Programs like SVN, TFS from Microsoft and GIT take care of remembering all the changes, of course. That's what I do for a living. With software change management using these programs, you can write any documentation you want as you can access any part of the code at any moment in time in its history. At my place of work, we are using the Scrum development process and past code isn't really worried about too much. In a sense we are always massaging all the code in the direction of satisfying clients, and making the code work better, while keeping track, using TFS of all the described items that were worked on as time goes along. We can access any file at any time along with its associated work items. From this any sort of story can be created about the deletion of code. The usual story in a busy business is that documentation is hard, so let's just move on.

Don't break the API (1)

White Flame (1074973) | about a year and a half ago | (#42502225)

Delete whatever you want behind a well-defined API barrier, as long as it still does the job when you're done.

Delete entire unused and obsolete APIs where appropriate.

Individual function bodies count as APIs, as well as large modules.

Standard Practice (0)

Anonymous Coward | about a year and a half ago | (#42502227)

Once the developer has left the organisation, then you delete all their code.

I wouldn't delete any production code (0)

Anonymous Coward | about a year and a half ago | (#42502267)

Use version control and do your changes on development code.

I don't understand the question... (2)

Foske (144771) | about a year and a half ago | (#42502331)

Either you use VCS, and you can' t ever delete code because you use it properly. Then the answer is: You can delete whatever you like in the latest revision. If you don't use VCS you have problems that exceed the scope of deleted unused code by a factor 1000, and you shouldn't be allowed access to ANY production code.

ObBetteridge (0)

Anonymous Coward | about a year and a half ago | (#42502377)

No.

Simple 3 step procedure (1)

sidevans (66118) | about a year and a half ago | (#42502389)

1. Don't delete anything, just comment out things
2. Delete everything EXCEPT var_dumps etc (make sure the code works)
3. Write a description in comments for functions / weird crap.
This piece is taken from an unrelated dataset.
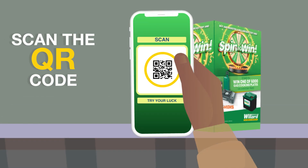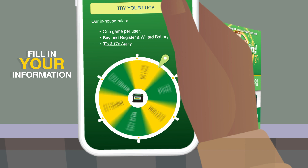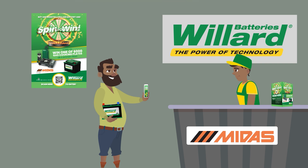Scanning the QR code directs customers to a website where they must enter their details and spin a wheel. The spun wheel reveals the prize they have won. Customers show their phones to claim their prize.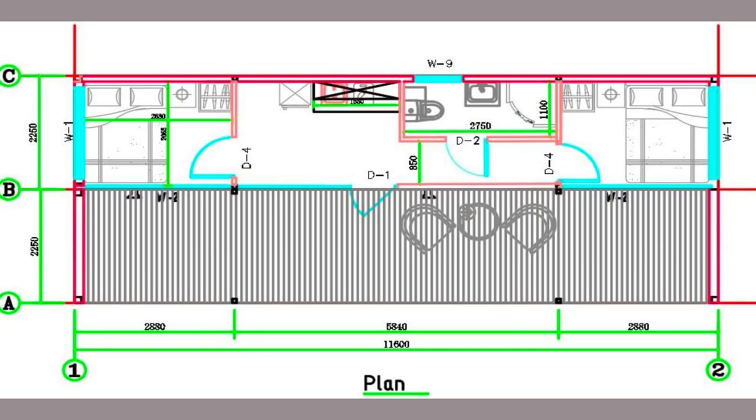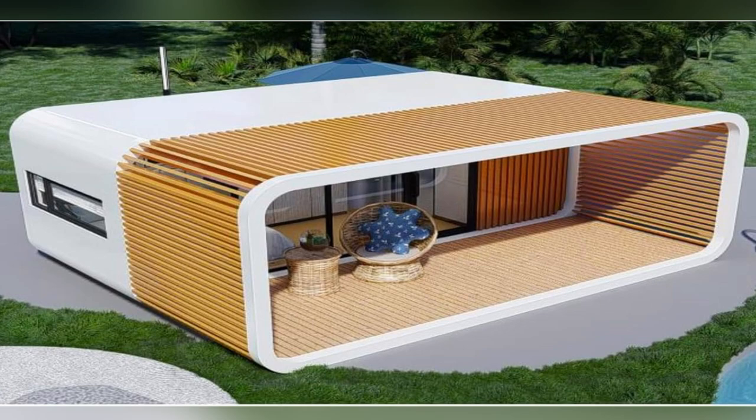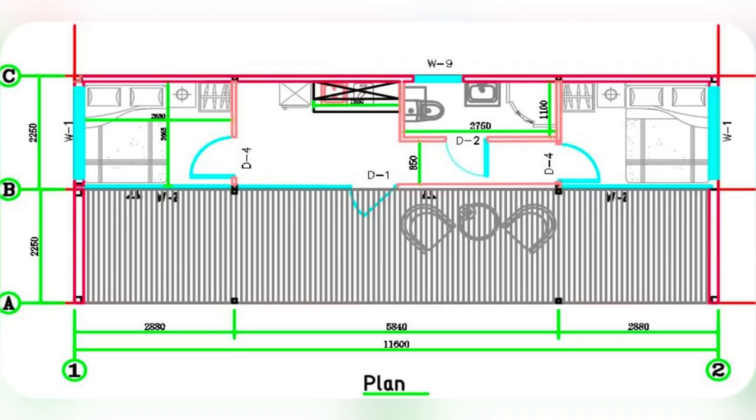Built tough with galvanized steel and bamboo — survived last week's storm without a scratch. Backyard parties? Pod wins. Don't miss out. Transform your outdoor vibes now with the Apple Garden Pod. Get yours today.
Delete all unused code, indent with 2 spaces.

at least if you make the code look visually nice, people think you know what you're doing.

I do PHP, sorry purists.

Same as the rules for deleting Gods (0)

Anonymous Coward | about a year and a half ago | (#42502411)

And just as hard to make it permanent ....

This comment has been deleted ... (5, Funny)

ElRabbit (2624627) | about a year and a half ago | (#42502417)

... for clarity

Go step-by-step, don't directly delete it (0)

Anonymous Coward | about a year and a half ago | (#42502455)

1. mark it as deprecated (although not every language has this option) so that nobody starts adding new calls to it

2. find any place it is used and find workarounds/replacements

3. comment it

4. After a reasonable amount of time if nobody complains that it's been commented, delete it

5. (D)VCS is your friend to revert any of the above.

Points 6. and 7. are left to the imagination (lack thereof) of other ACs and FTFYs ...

Depends (0)

Anonymous Coward | about a year and a half ago | (#42502493)

It really depends on the code itself.

But generally, if the code is still useful as a guide or reminder, I'll comment it out, and then gradually delete the comment blocks as they lost their usefulness.
If the code's useless from the get go, I'll just nuke it with holy hellfire without blinking.

Captcha: discreet

If there was *any* kind of consensus... (1)

wonkey_monkey (2592601) | about a year and a half ago | (#42502525)

...on these unwritten rules, they'd have been written down a long time ago.

Mentioning the deleted code (4, Insightful)

rollingcalf (605357) | about a year and a half ago | (#42502579)

At a previous employer, there was a *written* rule for deleting significant blocks of code.

If a properly functioning block of code already in production was being deleted due to changes in business requirements, a comment should be inserted at or near the point of deletion, which mentions that some code was deleted and the original code can be found in version x.xx, and preferably a phrase saying what it did.

However, if the code was not yet released to the production system, or was being deleted because it's buggy, it was acceptable to simply delete it without leaving a comment (if somebody needed to research an old bug they could look in the bug tracker, which would show which version of the code last had the bug, so there was no need to mention the bug-deletion in the code).

The rules (0)

tp_xyzzy (1575867) | about a year and a half ago | (#42502595)

1) Adding new code is always ok. Just need to keep it independent of the old code. Avoid modifying intersection of old code and new code.
2) Modifying code is dangerous. It can break features anywhere in the system.
3) Deleting code is extreamly dangerous. It can both break code, and lose information what was original code version.

No amount of version control hacks is changing these rules.

Re:The rules (1)

viperidaenz (2515578) | about a year and a half ago | (#42502719)

So your answer is to never change code once its written and just hack on the sides if behaviour needs changing?

Re:The rules (2)

tp_xyzzy (1575867) | about a year and a half ago | (#42502767)

It's more like breaking already tested code is wasting too much time...

The first rule (0)

Anonymous Coward | about a year and a half ago | (#42502603)

The first rule of code reuse is - the code must be worth reusing.

If you're not sure, put it in a fucking SCM & delete away.

The first rule - If only that were true. (1)

Chrisq (894406) | about a year and a half ago | (#42502685)

The first rule of code reuse is - the code must be worth reusing.

If you're not sure, put it in a fucking SCM & delete away.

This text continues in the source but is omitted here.